**Exercise brief**
Begin at the line containing "The connection between" in the entries below and end at the line containing "Large Framed Indian"; transcribe that range exactly and nothing outside it.

**Stored data**
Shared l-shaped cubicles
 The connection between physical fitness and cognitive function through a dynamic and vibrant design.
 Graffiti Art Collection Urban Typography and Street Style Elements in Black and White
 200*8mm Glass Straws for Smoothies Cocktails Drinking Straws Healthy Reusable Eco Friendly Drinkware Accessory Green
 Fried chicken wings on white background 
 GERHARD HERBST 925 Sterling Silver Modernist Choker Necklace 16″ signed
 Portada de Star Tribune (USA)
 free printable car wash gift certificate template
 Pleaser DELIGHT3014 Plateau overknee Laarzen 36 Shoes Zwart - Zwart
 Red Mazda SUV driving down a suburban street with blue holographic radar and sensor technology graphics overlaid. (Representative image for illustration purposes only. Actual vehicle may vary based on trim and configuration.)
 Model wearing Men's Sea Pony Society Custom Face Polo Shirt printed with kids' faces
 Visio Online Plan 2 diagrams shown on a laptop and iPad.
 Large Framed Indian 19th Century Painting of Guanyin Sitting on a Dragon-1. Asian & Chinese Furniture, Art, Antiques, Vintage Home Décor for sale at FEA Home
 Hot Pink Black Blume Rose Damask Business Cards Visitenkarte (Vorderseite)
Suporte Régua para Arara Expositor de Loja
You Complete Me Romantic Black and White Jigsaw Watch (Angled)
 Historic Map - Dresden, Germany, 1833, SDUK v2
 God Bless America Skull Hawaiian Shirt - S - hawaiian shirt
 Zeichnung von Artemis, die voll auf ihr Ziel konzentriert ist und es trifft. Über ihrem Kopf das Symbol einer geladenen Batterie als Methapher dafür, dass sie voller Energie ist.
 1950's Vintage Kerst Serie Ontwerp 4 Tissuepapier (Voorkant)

**Final answer**
 The connection between physical fitness and cognitive function through a dynamic and vibrant design.
 Graffiti Art Collection Urban Typography and Street Style Elements in Black and White
 200*8mm Glass Straws for Smoothies Cocktails Drinking Straws Healthy Reusable Eco Friendly Drinkware Accessory Green
 Fried chicken wings on white background 
 GERHARD HERBST 925 Sterling Silver Modernist Choker Necklace 16″ signed
 Portada de Star Tribune (USA)
 free printable car wash gift certificate template
 Pleaser DELIGHT3014 Plateau overknee Laarzen 36 Shoes Zwart - Zwart
 Red Mazda SUV driving down a suburban street with blue holographic radar and sensor technology graphics overlaid. (Representative image for illustration purposes only. Actual vehicle may vary based on trim and configuration.)
 Model wearing Men's Sea Pony Society Custom Face Polo Shirt printed with kids' faces
 Visio Online Plan 2 diagrams shown on a laptop and iPad.
 Large Framed Indian 19th Century Painting of Guanyin Sitting on a Dragon-1. Asian & Chinese Furniture, Art, Antiques, Vintage Home Décor for sale at FEA Home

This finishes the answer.